(Short descriptive text snippets)
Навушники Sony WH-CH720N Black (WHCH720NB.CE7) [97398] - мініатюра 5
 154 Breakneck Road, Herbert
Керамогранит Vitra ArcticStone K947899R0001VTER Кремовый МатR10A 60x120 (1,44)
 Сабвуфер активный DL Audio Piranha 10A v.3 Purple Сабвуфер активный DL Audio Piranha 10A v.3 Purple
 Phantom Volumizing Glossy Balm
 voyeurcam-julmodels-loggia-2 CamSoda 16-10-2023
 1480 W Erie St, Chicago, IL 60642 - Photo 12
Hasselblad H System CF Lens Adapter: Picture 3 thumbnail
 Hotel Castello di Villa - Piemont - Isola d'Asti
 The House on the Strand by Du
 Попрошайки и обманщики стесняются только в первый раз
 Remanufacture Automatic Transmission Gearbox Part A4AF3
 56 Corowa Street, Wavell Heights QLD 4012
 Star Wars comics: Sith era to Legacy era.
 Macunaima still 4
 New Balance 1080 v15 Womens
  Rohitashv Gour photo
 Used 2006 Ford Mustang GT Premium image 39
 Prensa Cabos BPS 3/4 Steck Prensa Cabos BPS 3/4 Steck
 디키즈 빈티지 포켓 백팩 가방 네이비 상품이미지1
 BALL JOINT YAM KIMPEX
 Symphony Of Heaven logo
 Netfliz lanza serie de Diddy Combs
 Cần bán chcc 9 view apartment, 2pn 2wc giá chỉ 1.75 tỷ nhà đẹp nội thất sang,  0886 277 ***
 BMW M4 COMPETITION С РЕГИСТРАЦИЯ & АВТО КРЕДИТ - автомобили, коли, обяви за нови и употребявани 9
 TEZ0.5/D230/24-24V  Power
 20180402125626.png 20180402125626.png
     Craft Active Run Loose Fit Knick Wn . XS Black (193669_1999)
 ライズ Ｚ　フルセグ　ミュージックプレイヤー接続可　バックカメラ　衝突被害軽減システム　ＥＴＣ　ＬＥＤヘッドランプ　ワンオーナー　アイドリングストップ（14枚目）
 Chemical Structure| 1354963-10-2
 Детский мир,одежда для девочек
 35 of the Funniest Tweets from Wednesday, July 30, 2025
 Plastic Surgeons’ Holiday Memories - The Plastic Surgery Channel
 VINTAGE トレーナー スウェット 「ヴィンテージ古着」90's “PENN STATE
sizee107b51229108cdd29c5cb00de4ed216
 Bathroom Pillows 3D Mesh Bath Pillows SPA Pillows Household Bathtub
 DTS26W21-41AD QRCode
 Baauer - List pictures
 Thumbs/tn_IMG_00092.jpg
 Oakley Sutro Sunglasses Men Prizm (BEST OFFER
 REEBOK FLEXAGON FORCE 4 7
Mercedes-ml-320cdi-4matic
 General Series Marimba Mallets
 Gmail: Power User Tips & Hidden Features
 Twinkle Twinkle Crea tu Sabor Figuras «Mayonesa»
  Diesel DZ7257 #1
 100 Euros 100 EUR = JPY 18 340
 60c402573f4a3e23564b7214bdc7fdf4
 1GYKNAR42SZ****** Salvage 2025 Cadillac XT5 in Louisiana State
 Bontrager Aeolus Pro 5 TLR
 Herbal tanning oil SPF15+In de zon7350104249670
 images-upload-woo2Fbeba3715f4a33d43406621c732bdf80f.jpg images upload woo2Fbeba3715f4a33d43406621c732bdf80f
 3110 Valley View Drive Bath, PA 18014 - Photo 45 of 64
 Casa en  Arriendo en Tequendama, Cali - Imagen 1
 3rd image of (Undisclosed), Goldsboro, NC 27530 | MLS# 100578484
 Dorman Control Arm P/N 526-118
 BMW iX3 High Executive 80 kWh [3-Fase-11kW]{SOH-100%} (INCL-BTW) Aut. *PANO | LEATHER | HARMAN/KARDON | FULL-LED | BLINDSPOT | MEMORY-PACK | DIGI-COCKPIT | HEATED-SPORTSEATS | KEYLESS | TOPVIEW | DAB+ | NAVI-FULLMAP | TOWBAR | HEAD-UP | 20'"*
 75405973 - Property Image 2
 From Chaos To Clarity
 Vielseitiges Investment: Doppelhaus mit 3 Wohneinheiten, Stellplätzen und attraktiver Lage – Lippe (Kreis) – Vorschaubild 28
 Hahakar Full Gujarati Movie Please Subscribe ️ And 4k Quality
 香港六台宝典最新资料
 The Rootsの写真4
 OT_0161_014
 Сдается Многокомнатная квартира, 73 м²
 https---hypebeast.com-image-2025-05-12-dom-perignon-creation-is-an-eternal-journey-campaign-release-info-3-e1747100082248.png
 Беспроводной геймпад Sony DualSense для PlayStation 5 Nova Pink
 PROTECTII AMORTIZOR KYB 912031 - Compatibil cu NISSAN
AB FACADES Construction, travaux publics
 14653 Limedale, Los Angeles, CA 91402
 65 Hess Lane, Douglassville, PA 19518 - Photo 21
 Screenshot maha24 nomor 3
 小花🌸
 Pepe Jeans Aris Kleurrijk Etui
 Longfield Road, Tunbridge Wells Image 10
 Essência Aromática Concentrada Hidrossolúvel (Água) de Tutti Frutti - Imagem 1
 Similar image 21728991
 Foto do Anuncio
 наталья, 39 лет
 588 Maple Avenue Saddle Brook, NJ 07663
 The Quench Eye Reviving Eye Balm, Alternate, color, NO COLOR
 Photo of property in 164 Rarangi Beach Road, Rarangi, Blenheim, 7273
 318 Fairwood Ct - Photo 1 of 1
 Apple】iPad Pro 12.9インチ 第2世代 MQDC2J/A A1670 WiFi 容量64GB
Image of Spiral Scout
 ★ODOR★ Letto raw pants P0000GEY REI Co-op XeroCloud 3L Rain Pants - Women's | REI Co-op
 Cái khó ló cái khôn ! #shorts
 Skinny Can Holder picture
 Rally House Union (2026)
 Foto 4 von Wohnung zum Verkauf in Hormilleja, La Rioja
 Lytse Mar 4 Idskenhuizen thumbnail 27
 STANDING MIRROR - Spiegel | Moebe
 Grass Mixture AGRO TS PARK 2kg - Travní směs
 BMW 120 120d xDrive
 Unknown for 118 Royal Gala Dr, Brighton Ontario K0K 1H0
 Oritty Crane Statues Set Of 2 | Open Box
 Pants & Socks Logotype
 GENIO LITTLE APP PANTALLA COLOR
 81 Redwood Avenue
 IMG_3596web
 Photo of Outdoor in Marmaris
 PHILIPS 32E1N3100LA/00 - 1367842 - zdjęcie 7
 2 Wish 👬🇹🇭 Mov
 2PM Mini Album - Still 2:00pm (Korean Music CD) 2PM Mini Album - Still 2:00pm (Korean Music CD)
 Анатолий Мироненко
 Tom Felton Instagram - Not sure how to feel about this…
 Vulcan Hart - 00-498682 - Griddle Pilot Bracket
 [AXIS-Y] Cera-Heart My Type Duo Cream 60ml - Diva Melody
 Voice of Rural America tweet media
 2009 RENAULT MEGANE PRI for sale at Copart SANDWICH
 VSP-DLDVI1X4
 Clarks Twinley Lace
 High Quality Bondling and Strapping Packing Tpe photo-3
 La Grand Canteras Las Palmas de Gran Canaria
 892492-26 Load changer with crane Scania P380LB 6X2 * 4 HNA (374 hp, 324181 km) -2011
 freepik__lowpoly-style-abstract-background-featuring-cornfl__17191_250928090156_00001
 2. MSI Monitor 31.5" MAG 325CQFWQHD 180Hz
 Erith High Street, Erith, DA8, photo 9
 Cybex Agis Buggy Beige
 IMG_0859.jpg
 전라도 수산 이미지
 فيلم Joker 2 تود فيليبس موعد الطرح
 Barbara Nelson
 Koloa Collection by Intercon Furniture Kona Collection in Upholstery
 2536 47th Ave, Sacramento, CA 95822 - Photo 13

## Exercise details
Copy out the full set of records precisely, leaving nothing out.

## Result of the exercise
Навушники Sony WH-CH720N Black (WHCH720NB.CE7) [97398] - мініатюра 5
 154 Breakneck Road, Herbert
Керамогранит Vitra ArcticStone K947899R0001VTER Кремовый МатR10A 60x120 (1,44)
 Сабвуфер активный DL Audio Piranha 10A v.3 Purple Сабвуфер активный DL Audio Piranha 10A v.3 Purple
 Phantom Volumizing Glossy Balm
 voyeurcam-julmodels-loggia-2 CamSoda 16-10-2023
 1480 W Erie St, Chicago, IL 60642 - Photo 12
Hasselblad H System CF Lens Adapter: Picture 3 thumbnail
 Hotel Castello di Villa - Piemont - Isola d'Asti
 The House on the Strand by Du
 Попрошайки и обманщики стесняются только в первый раз
 Remanufacture Automatic Transmission Gearbox Part A4AF3
 56 Corowa Street, Wavell Heights QLD 4012
 Star Wars comics: Sith era to Legacy era.
 Macunaima still 4
 New Balance 1080 v15 Womens
  Rohitashv Gour photo
 Used 2006 Ford Mustang GT Premium image 39
 Prensa Cabos BPS 3/4 Steck Prensa Cabos BPS 3/4 Steck
 디키즈 빈티지 포켓 백팩 가방 네이비 상품이미지1
 BALL JOINT YAM KIMPEX
 Symphony Of Heaven logo
 Netfliz lanza serie de Diddy Combs
 Cần bán chcc 9 view apartment, 2pn 2wc giá chỉ 1.75 tỷ nhà đẹp nội thất sang,  0886 277 ***
 BMW M4 COMPETITION С РЕГИСТРАЦИЯ & АВТО КРЕДИТ - автомобили, коли, обяви за нови и употребявани 9
 TEZ0.5/D230/24-24V  Power
 20180402125626.png 20180402125626.png
     Craft Active Run Loose Fit Knick Wn . XS Black (193669_1999)
 ライズ Ｚ　フルセグ　ミュージックプレイヤー接続可　バックカメラ　衝突被害軽減システム　ＥＴＣ　ＬＥＤヘッドランプ　ワンオーナー　アイドリングストップ（14枚目）
 Chemical Structure| 1354963-10-2
 Детский мир,одежда для девочек
 35 of the Funniest Tweets from Wednesday, July 30, 2025
 Plastic Surgeons’ Holiday Memories - The Plastic Surgery Channel
 VINTAGE トレーナー スウェット 「ヴィンテージ古着」90's “PENN STATE
sizee107b51229108cdd29c5cb00de4ed216
 Bathroom Pillows 3D Mesh Bath Pillows SPA Pillows Household Bathtub
 DTS26W21-41AD QRCode
 Baauer - List pictures
 Thumbs/tn_IMG_00092.jpg
 Oakley Sutro Sunglasses Men Prizm (BEST OFFER
 REEBOK FLEXAGON FORCE 4 7
Mercedes-ml-320cdi-4matic
 General Series Marimba Mallets
 Gmail: Power User Tips & Hidden Features
 Twinkle Twinkle Crea tu Sabor Figuras «Mayonesa»
  Diesel DZ7257 #1
 100 Euros 100 EUR = JPY 18 340
 60c402573f4a3e23564b7214bdc7fdf4
 1GYKNAR42SZ****** Salvage 2025 Cadillac XT5 in Louisiana State
 Bontrager Aeolus Pro 5 TLR
 Herbal tanning oil SPF15+In de zon7350104249670
 images-upload-woo2Fbeba3715f4a33d43406621c732bdf80f.jpg images upload woo2Fbeba3715f4a33d43406621c732bdf80f
 3110 Valley View Drive Bath, PA 18014 - Photo 45 of 64
 Casa en  Arriendo en Tequendama, Cali - Imagen 1
 3rd image of (Undisclosed), Goldsboro, NC 27530 | MLS# 100578484
 Dorman Control Arm P/N 526-118
 BMW iX3 High Executive 80 kWh [3-Fase-11kW]{SOH-100%} (INCL-BTW) Aut. *PANO | LEATHER | HARMAN/KARDON | FULL-LED | BLINDSPOT | MEMORY-PACK | DIGI-COCKPIT | HEATED-SPORTSEATS | KEYLESS | TOPVIEW | DAB+ | NAVI-FULLMAP | TOWBAR | HEAD-UP | 20'"*
 75405973 - Property Image 2
 From Chaos To Clarity
 Vielseitiges Investment: Doppelhaus mit 3 Wohneinheiten, Stellplätzen und attraktiver Lage – Lippe (Kreis) – Vorschaubild 28
 Hahakar Full Gujarati Movie Please Subscribe ️ And 4k Quality
 香港六台宝典最新资料
 The Rootsの写真4
 OT_0161_014
 Сдается Многокомнатная квартира, 73 м²
 https---hypebeast.com-image-2025-05-12-dom-perignon-creation-is-an-eternal-journey-campaign-release-info-3-e1747100082248.png
 Беспроводной геймпад Sony DualSense для PlayStation 5 Nova Pink
 PROTECTII AMORTIZOR KYB 912031 - Compatibil cu NISSAN
AB FACADES Construction, travaux publics
 14653 Limedale, Los Angeles, CA 91402
 65 Hess Lane, Douglassville, PA 19518 - Photo 21
 Screenshot maha24 nomor 3
 小花🌸
 Pepe Jeans Aris Kleurrijk Etui
 Longfield Road, Tunbridge Wells Image 10
 Essência Aromática Concentrada Hidrossolúvel (Água) de Tutti Frutti - Imagem 1
 Similar image 21728991
 Foto do Anuncio
 наталья, 39 лет
 588 Maple Avenue Saddle Brook, NJ 07663
 The Quench Eye Reviving Eye Balm, Alternate, color, NO COLOR
 Photo of property in 164 Rarangi Beach Road, Rarangi, Blenheim, 7273
 318 Fairwood Ct - Photo 1 of 1
 Apple】iPad Pro 12.9インチ 第2世代 MQDC2J/A A1670 WiFi 容量64GB
Image of Spiral Scout
 ★ODOR★ Letto raw pants P0000GEY REI Co-op XeroCloud 3L Rain Pants - Women's | REI Co-op
 Cái khó ló cái khôn ! #shorts
 Skinny Can Holder picture
 Rally House Union (2026)
 Foto 4 von Wohnung zum Verkauf in Hormilleja, La Rioja
 Lytse Mar 4 Idskenhuizen thumbnail 27
 STANDING MIRROR - Spiegel | Moebe
 Grass Mixture AGRO TS PARK 2kg - Travní směs
 BMW 120 120d xDrive
 Unknown for 118 Royal Gala Dr, Brighton Ontario K0K 1H0
 Oritty Crane Statues Set Of 2 | Open Box
 Pants & Socks Logotype
 GENIO LITTLE APP PANTALLA COLOR
 81 Redwood Avenue
 IMG_3596web
 Photo of Outdoor in Marmaris
 PHILIPS 32E1N3100LA/00 - 1367842 - zdjęcie 7
 2 Wish 👬🇹🇭 Mov
 2PM Mini Album - Still 2:00pm (Korean Music CD) 2PM Mini Album - Still 2:00pm (Korean Music CD)
 Анатолий Мироненко
 Tom Felton Instagram - Not sure how to feel about this…
 Vulcan Hart - 00-498682 - Griddle Pilot Bracket
 [AXIS-Y] Cera-Heart My Type Duo Cream 60ml - Diva Melody
 Voice of Rural America tweet media
 2009 RENAULT MEGANE PRI for sale at Copart SANDWICH
 VSP-DLDVI1X4
 Clarks Twinley Lace
 High Quality Bondling and Strapping Packing Tpe photo-3
 La Grand Canteras Las Palmas de Gran Canaria
 892492-26 Load changer with crane Scania P380LB 6X2 * 4 HNA (374 hp, 324181 km) -2011
 freepik__lowpoly-style-abstract-background-featuring-cornfl__17191_250928090156_00001
 2. MSI Monitor 31.5" MAG 325CQFWQHD 180Hz
 Erith High Street, Erith, DA8, photo 9
 Cybex Agis Buggy Beige
 IMG_0859.jpg
 전라도 수산 이미지
 فيلم Joker 2 تود فيليبس موعد الطرح
 Barbara Nelson
 Koloa Collection by Intercon Furniture Kona Collection in Upholstery
 2536 47th Ave, Sacramento, CA 95822 - Photo 13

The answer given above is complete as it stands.